Monday, November 27, 2006

Bloody Ear Wax

Yes, I am bored. Bored enough to talk about this.

For some reason I get a huge wax build up in my left ear. And it ranges from solid grit through to liquidy waxy badness that curls down the ear pronger like the red on a barber's pole.

Well if you're interested - here's the wiki.

I once actually had to get it syringed. Later I saw the kidney dish the wax was floating in. It looked like the greasy spots you get when you stick a roasting pan to soak in the washing up.

It was foul.

Anyway - I was off work sick with IBS today. It was horrible. The heat and the gut pain meant no sleep for me and as such I've been dosing on and off all day in between failed attempts at toilet business. It seemed there was little movement at my station and the word had passed fuck all anywhere.

Damn blasted bowels.

I vaguelly hoped one day someone would say 'excuse me HM, it turns out you weren't a fat bastard afterall. It seems you had a 35kg benign tumor growing. We cut it out of you and while you may currently look like your stomach has a joker grin it will heal up nicely and you will be able to do all the stuff you couldn't do before. Riding, swimming, dancing, jogging etc.'

Wait a second ... that sounds like the words from a tampon box!

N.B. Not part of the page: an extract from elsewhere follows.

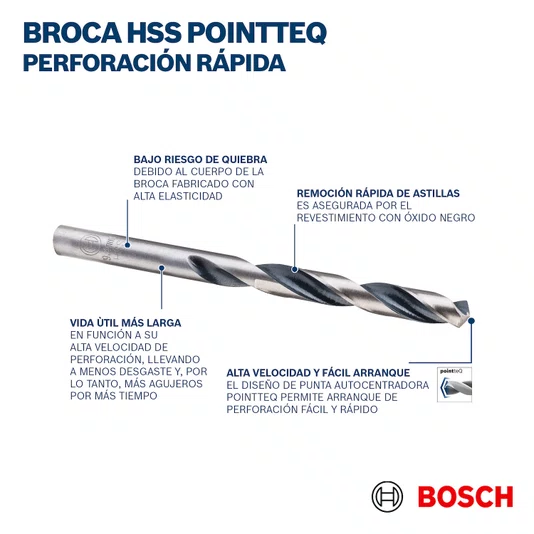 Broca Hss Pointteq 8.5Mm Bosch - 2608577172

What else? Ah yes, the AWB findings came in. Bloody typical. Thanks to a dodgy frame of reference "just the AWB - nothing else" naturally the government got off scott free. Except in one sense of course. The shining light on the fact they created a culture where public servants knew to simply sign something off instead of give it the attention it deserved. Well, what do you expect when the top three layers of the public service are now individual contracts and performance linked so if you give your minister bad news then adios matey at your next review?

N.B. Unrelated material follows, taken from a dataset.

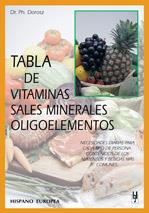 Tabla de vitaminas sales minerales y oligoelementos | 9788425513558 | Dorosz, Ph.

That's "accountability" for you. I suppose the flip side was the 30 years in the top job mandarins that used to subtley undermine ministers of governments they didn't like (witness the Whitlam years) but as a public servant I think they flipped it too far the other way.

By the way - check out the sheer unmitigated gall from Mr Vodaphone claiming that because his ministers "didn't know" they deserve an apology for their rank incompetance. Un-fucking-believable.

Anyway - off to bed in my stinking hot house after draining my left ear once more.

Once more! Once more into the breech dear friends. Or close the wall up with our Cerumen dead.